Silicon Valley Puts the ‘Con’ in Consent - ingve
https://www.nytimes.com/2019/02/02/opinion/internet-facebook-google-consent.html
======
js2
The top comment on the article is worth reading. I’m copying it here.

James K. Lowden (Camden, Maine) writes:

It’s not just privacy, not just the internet, and not because of the internet.
It’s corporate power.

Some of us remember when getting a phone or credit card didn’t entail 13 pages
of fine print. There was nothing to agree to. Both parties reserved all rights
under the law.

Let’s note that the contracts we supposedly sign never grant us additional
rights. They’re entirely one-sided: you agree to thus-and-such for the
privilege of using what you paid for.

I learned in Business Law 101 that valid contracts had to be entered
voluntarily and had to include consideration: something of value from both
parties had to be at stake. “Shrink-wrap” contracts on software didn’t meet
that basic standard, but have been upheld nonetheless.

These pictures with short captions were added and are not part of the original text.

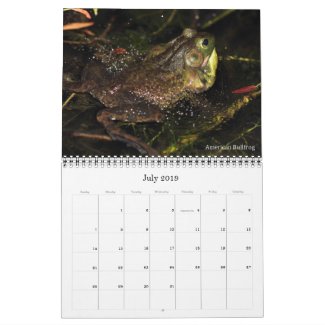2019 Frog Photo Calendar for sale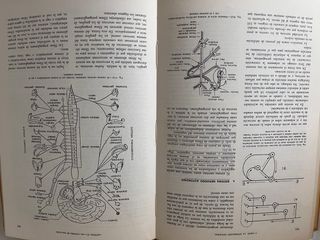 ELEMENTOS DE BIOLOGIA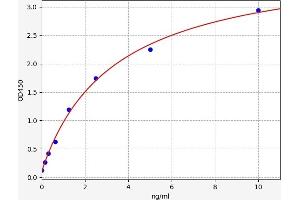 Typical standard curve (DLD ELISA 试剂盒)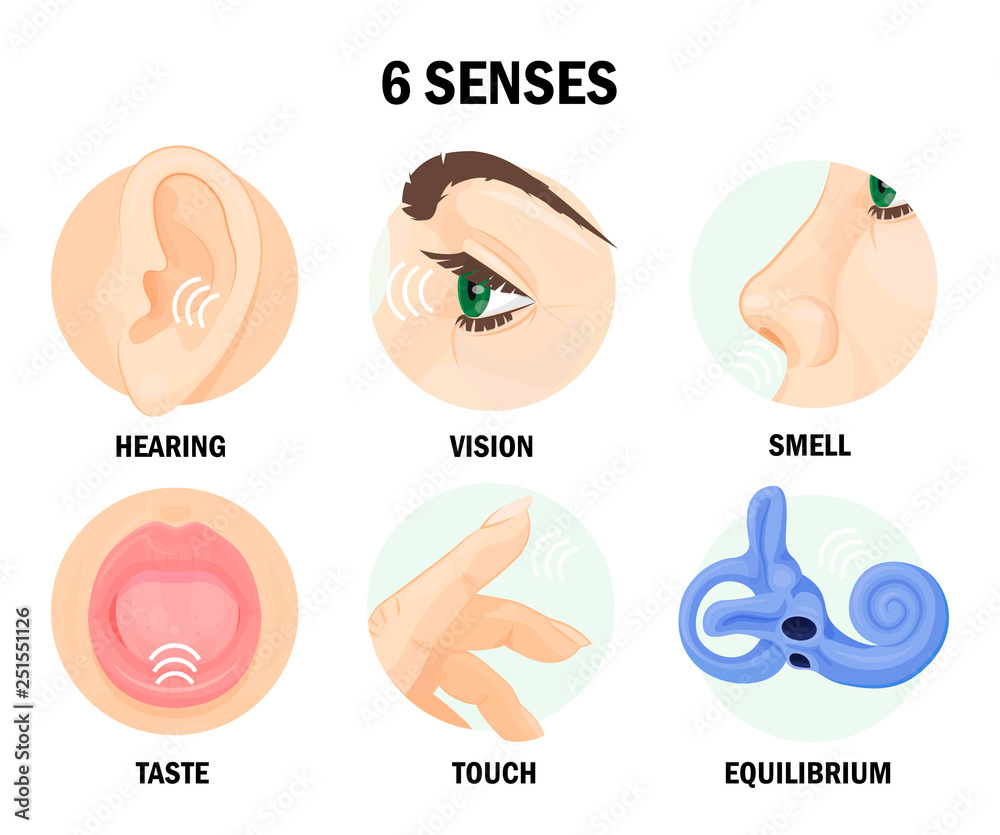 Six sense organs of human body with names Stock Vector | Adobe Stock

The law should state: there can be no “terms of sale” agreement for any retail
purpose. No waivers for renting a moped or a car, no terms on software or
websites, no contract for a phone or bank account. The firm must comply with
the law, an the consumer reserves all rights under the law, full stop.

Anything less is involuntary on its face. The corporate lawyers draft an
“agreement” worth millions to the firm but in absolute terms that same stake
is divided amongst millions of customers, none of which has enough at stake to
hire a lawyer (pretending the terms were negotiable). The very fact the terms
cannot be modified is prima facia evidence of coercion.

[https://nyti.ms/2DSfq4B#permid=30447668](https://nyti.ms/2DSfq4B#permid=30447668)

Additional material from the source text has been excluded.